## Activity
Find the line with "2 G55 P1 1915" in the entries below, then reproduce it and every line after it down to and including the line with "Felicia - King Comforter Set - Black", exactly.

[[ Working data open ]]

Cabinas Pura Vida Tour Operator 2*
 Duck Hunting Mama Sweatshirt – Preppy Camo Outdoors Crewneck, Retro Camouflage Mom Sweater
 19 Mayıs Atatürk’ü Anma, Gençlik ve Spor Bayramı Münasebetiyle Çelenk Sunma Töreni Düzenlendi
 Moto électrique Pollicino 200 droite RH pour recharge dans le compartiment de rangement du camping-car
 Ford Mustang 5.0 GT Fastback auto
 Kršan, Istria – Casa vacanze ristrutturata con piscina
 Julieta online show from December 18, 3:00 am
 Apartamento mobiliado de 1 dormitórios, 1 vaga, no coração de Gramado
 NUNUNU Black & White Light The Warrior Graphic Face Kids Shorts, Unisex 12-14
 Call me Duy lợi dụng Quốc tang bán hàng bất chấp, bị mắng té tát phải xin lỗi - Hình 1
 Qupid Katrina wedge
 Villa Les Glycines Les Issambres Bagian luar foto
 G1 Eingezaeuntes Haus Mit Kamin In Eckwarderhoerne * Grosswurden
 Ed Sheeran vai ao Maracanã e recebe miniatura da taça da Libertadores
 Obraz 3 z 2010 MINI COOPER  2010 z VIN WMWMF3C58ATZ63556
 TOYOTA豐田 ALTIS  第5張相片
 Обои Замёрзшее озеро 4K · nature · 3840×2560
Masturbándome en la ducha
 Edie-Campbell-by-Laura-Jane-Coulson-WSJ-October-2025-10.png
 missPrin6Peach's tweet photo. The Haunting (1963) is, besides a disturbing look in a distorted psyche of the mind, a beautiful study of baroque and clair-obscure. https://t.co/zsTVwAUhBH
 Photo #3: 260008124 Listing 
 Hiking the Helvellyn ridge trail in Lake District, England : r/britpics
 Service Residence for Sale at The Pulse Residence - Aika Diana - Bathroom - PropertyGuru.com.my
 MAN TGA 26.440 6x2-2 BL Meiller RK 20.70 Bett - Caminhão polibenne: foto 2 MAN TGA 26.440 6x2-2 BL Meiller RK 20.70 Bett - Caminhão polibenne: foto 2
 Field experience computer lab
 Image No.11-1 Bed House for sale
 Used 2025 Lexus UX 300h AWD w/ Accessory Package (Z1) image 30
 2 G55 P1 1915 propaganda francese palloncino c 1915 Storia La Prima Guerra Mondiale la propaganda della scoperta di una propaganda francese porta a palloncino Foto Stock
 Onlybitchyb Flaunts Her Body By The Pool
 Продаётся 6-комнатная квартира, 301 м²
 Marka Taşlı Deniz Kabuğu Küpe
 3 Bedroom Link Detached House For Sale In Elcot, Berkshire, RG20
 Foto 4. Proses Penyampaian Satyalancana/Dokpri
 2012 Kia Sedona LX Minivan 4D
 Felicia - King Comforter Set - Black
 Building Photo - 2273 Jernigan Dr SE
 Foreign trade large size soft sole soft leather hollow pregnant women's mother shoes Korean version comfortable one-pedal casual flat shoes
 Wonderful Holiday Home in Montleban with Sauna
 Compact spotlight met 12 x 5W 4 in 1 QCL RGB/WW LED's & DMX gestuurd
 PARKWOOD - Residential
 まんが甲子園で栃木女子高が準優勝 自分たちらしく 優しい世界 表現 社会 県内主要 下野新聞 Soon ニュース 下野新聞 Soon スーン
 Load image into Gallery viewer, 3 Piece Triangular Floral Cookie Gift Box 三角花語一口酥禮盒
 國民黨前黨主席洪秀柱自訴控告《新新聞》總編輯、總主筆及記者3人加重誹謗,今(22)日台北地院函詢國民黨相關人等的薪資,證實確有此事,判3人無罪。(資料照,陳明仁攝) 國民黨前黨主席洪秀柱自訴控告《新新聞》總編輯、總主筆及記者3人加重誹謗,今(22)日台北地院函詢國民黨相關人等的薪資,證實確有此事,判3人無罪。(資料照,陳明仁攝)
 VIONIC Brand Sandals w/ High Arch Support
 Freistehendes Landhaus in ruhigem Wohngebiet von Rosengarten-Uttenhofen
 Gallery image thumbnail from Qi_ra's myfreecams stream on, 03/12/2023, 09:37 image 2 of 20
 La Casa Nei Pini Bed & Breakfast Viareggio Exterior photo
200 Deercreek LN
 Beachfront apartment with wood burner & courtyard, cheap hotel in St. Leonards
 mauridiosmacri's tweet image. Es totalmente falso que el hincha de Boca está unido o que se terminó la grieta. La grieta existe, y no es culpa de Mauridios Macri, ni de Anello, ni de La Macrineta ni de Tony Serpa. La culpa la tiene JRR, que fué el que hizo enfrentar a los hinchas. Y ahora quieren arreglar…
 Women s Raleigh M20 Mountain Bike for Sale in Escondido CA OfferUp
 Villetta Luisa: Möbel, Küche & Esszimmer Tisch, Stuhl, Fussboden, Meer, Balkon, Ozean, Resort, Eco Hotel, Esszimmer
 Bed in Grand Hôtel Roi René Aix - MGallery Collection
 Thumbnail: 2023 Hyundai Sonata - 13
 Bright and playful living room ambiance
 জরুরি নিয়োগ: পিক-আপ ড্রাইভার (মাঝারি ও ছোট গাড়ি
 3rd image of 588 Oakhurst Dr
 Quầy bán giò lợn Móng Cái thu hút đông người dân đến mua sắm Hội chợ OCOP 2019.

[[ Working data closed ]]

## Response area
 2 G55 P1 1915 propaganda francese palloncino c 1915 Storia La Prima Guerra Mondiale la propaganda della scoperta di una propaganda francese porta a palloncino Foto Stock
 Onlybitchyb Flaunts Her Body By The Pool
 Продаётся 6-комнатная квартира, 301 м²
 Marka Taşlı Deniz Kabuğu Küpe
 3 Bedroom Link Detached House For Sale In Elcot, Berkshire, RG20
 Foto 4. Proses Penyampaian Satyalancana/Dokpri
 2012 Kia Sedona LX Minivan 4D
 Felicia - King Comforter Set - Black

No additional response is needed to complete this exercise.